HAIRY ISTHMUS TO ALL!

Eeksy-Peeksy has a little ditty (or, as he calls it, augury doggerel) that made me laugh despite my wretched cold, and I thought I’d share it with my readers. However, since 1) it may offend those who are solemn about the Nativity season and 2) it contains words that I don’t want drawing Google hits to Languagehat, I will put the actual ditty in a comment; if the comments are temporarily missing (sigh), just click on the Eeksy link above to be taken right to it. I will probably not be blogging tomorrow (too busy stuffing myself with Norwegian meatballs), so I will take this opportunity to wish all Languagehat aficionados a merry & happy twenty-fifth of December, whether or not you assign any metaphysical significance to the date.

LANGUAGEHAT RESTORED.

Thanks to a timely intervention by Anton Sherwood, the muttering Ogre, I found my missing entry by the simple expedient of republishing the archive.
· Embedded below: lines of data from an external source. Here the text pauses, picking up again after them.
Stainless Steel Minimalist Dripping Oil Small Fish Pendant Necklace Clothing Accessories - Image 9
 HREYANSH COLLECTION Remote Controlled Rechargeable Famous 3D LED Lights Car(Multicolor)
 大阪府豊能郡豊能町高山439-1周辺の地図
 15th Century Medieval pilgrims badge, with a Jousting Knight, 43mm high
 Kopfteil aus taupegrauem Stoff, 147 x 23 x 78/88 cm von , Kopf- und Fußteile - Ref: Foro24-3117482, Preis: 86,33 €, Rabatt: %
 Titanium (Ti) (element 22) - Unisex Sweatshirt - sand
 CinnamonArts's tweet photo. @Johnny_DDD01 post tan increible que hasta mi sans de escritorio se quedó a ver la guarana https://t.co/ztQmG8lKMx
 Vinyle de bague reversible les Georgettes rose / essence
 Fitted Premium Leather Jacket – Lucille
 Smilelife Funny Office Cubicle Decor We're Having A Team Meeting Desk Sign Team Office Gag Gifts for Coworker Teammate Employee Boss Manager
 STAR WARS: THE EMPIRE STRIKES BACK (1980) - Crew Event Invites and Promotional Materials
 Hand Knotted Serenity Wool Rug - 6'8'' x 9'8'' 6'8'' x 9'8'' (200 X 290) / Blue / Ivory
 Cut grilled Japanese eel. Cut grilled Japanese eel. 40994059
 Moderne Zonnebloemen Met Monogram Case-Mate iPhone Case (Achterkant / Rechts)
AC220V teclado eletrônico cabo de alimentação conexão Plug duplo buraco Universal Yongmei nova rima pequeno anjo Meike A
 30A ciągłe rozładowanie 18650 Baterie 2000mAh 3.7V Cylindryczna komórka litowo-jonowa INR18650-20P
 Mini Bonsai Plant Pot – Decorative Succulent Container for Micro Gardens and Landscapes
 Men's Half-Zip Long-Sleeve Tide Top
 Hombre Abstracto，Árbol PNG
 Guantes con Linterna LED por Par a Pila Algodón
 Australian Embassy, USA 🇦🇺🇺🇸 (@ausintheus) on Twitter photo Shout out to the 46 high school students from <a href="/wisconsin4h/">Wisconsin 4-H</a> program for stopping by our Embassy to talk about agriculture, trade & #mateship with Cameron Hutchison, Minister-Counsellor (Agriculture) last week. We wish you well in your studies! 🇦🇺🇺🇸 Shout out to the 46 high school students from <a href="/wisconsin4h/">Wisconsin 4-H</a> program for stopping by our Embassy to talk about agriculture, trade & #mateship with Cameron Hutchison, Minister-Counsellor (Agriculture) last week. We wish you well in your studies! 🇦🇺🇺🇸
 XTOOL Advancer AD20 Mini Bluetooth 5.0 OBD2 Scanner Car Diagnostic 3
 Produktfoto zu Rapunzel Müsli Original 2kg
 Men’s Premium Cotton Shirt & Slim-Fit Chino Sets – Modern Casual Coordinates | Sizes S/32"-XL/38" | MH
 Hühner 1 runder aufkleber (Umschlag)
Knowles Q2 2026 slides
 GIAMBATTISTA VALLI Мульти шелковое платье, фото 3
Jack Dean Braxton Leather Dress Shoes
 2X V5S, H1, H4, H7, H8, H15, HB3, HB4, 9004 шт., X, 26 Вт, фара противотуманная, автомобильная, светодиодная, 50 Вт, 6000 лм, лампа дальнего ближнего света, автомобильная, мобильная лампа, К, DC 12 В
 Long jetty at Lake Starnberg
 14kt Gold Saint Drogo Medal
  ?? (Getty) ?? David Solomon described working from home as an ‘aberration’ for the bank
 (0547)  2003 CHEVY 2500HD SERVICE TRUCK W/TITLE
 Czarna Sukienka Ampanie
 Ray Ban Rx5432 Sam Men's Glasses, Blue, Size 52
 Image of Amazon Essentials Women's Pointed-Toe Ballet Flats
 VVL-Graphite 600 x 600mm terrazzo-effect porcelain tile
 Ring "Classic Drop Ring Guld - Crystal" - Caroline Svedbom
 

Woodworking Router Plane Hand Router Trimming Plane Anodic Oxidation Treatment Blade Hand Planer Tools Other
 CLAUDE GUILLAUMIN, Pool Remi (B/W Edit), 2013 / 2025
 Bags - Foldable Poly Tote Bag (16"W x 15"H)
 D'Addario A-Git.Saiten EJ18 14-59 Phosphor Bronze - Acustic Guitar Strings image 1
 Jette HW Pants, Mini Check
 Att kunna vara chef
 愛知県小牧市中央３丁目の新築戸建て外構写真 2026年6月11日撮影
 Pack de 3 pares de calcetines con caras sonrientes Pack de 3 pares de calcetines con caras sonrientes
I apologize for crying wolf, but dammit, the gate of the sheepfold was open, I could have sworn I saw wolf tracks, and it’s so hard counting virtual sheep… At any rate, I am glad to know I have readers so willing to help out and encourage me to improve the blog; I appreciate all of your comments to the earlier entry, and I promise I’ll switch to Movable Type!